Method 500 can also be varied to infer that the activity was not a travel activity but, for example, a telephone call or some other application that is local to device 50. For example, where device 50 is equipped with a telephone function, then method 300 can be used to log telephone calls in calendar application 132 when each call is completed. This can also be extended to logging usage of other applications on device 50, such as texting applications, word processors, or video games or others.

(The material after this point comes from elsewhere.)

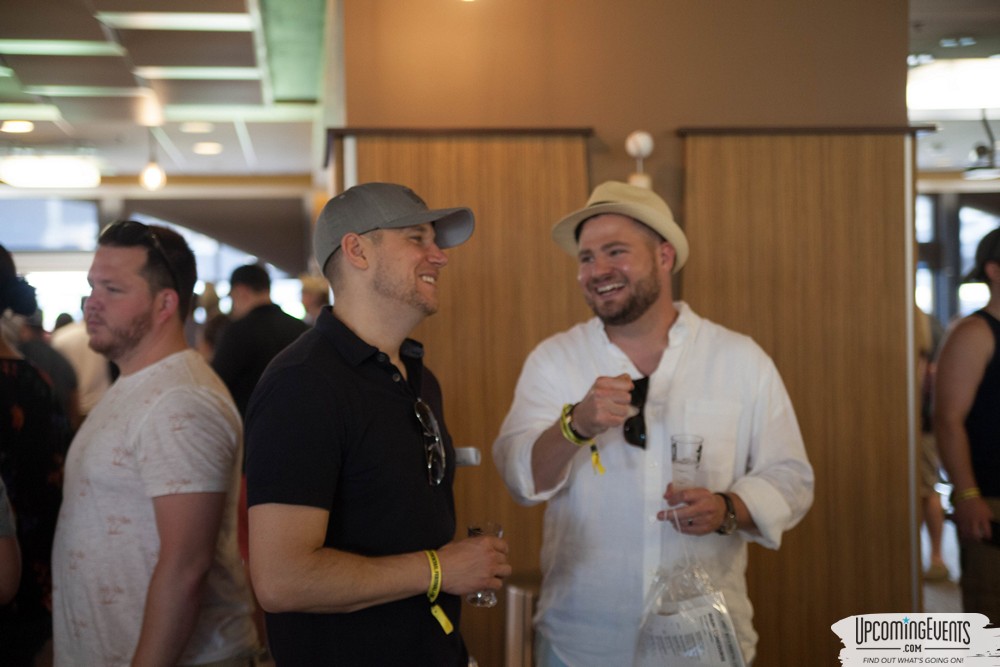 Pittsburgh All Star Festival 2019 - Gallery 2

In another example, device 50 and method 300 can be used in conjunction with other applications 136. FIG. 8 shows an example of one other application 136, specifically identified as a spreadsheet application 136a. Spreadsheet application 136a comprises a travel log for the week of Jun. 14, 2009 in tabular format, which summarizes all logged events for that identified week. The left column defines various events that correspond generally to the examples provided in Table I. The bottom rows provide sub-totals for groupings of activities in the left column. A total number of minutes for a particular activity or event for a given day is provided in each cell. The far right column provides a weekly total. Of particular note is the very bottom row which contemplates a determination of carbon dioxide emissions associated with each of those activities, which provides but one example of how the features of this specification can be extended to novel data logging. Those skilled in the art will appreciate that the other time periods and formats for the spreadsheet are not particularly limited.

Other applications 136 will now occur to those skilled in the art, such as accounting packages, time tracking packages and the like.

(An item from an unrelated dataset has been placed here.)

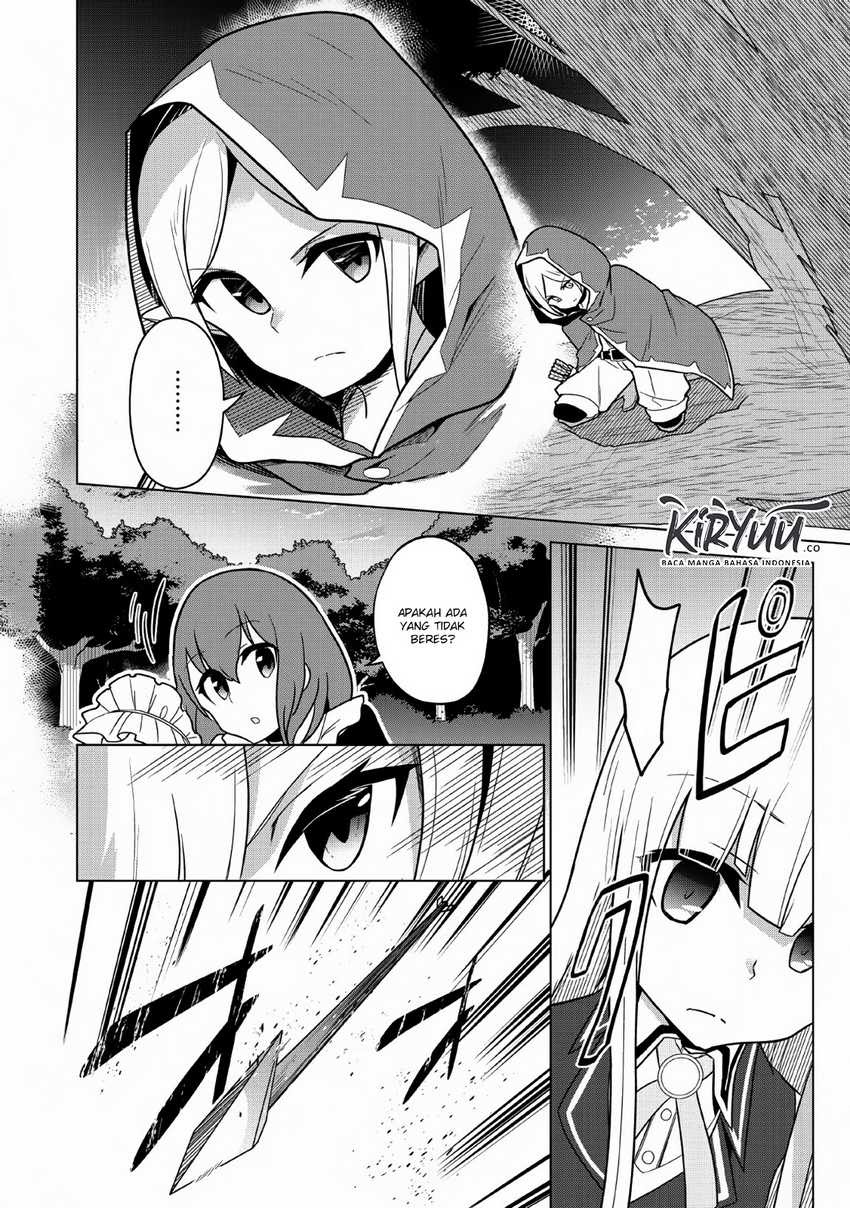 Chapter 6 - halaman 8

Referring now to FIG. 9, a schematic representation of how geolocation application 124 can interact with service 128, which in turn can interact with calendar application 132 or other applications 136. It is to be noted that service 128 can be omitted, or its functions incorporated directly into geolocation application 124, or incorporated directly into calendar application 132 or other applications 136. However, it is presently contemplated that service 128 is provided to intermediate between geolocation application 124 and applications such as calendar application 132 and other applications 136. More specifically, service 128 can be configured to access native programming interfaces within calendar application 132 and other applications 136, as well as to access native programming interfaces within geolocation application 124. In this manner, geolocation application 124 can be deployed independently from deployment of calendar application 132 or other applications 136, and vice versa.

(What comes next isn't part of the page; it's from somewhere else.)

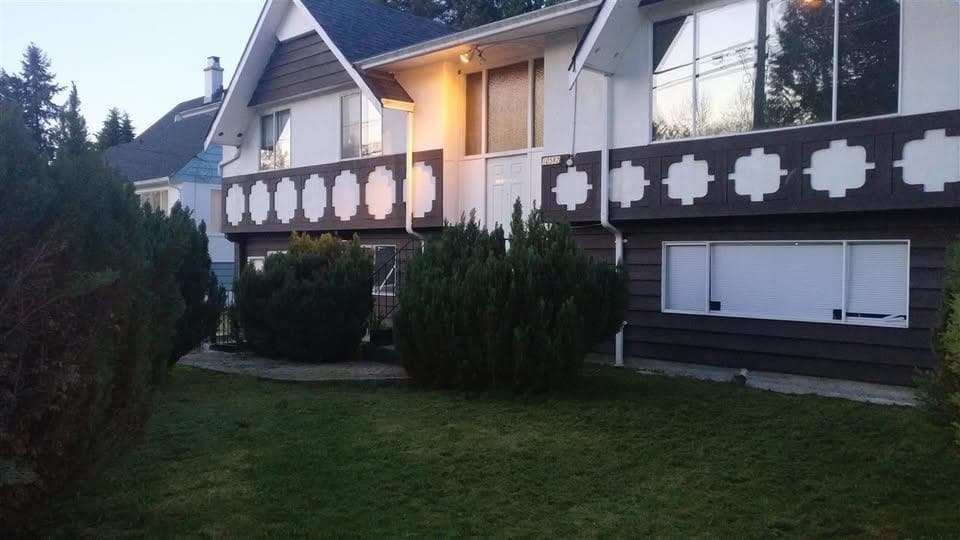 10582 144 Street, Surrey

While the foregoing provides certain non-limiting example embodiments, it should be understood that combinations, subsets, and variations of the foregoing are contemplated. For example, FIG. 10 shows an enhanced geolocation system indicated generally at 150b. System 150b comprises a device 50b, which is a variation on device 50. Thus, like elements associated with device 50b bear like references to the device 50 counterpart, except followed by the suffix “b”. System 50b also comprises a calendar server 154b that connects to device 50b via a network 158b. A client machine 162b (which is optional) also connects to network 158b.

The nature of network 158b is not particularly limited, and can be comprised of a private network or a public network or combinations thereof. Furthermore, network 158b can be comprised of one or more network topologies, including the Internet or other packet switched network, or any one or more of the network topologies discussed above in relation to network interface 112.

Server 154b maintains a calendaring server application 166b which works in conjunction with calendar application 128b to maintain a copy of all calendar records associated with device 50b. Client machine 162b maintains its own calendar application 170b which can access all calendar records on either device 50b and server 154b.